▸ **Work to complete**: Nothing is needed except the lines below that run from the one with "ĐEN TRẮNG PQ-Shop" through the one with "Zonon 48 Pcs", repeated exactly.

(Beginning of Data extracts)

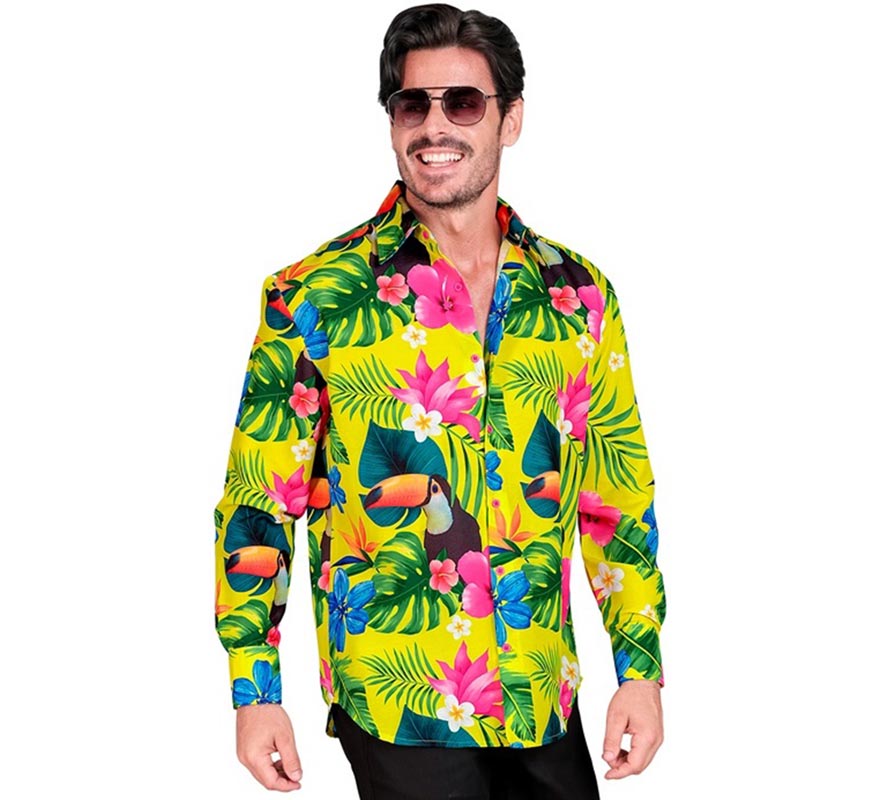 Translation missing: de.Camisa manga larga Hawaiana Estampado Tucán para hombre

(End of Data extracts)
(Beginning of Data extracts)

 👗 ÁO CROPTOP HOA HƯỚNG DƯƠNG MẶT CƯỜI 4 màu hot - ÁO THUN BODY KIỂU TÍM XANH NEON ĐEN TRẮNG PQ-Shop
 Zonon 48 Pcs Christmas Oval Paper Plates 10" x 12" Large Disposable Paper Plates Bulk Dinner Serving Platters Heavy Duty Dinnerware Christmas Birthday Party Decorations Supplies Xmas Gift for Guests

(End of Data extracts)

▸ **Task output**:
 👗 ÁO CROPTOP HOA HƯỚNG DƯƠNG MẶT CƯỜI 4 màu hot - ÁO THUN BODY KIỂU TÍM XANH NEON ĐEN TRẮNG PQ-Shop
 Zonon 48 Pcs Christmas Oval Paper Plates 10" x 12" Large Disposable Paper Plates Bulk Dinner Serving Platters Heavy Duty Dinnerware Christmas Birthday Party Decorations Supplies Xmas Gift for Guests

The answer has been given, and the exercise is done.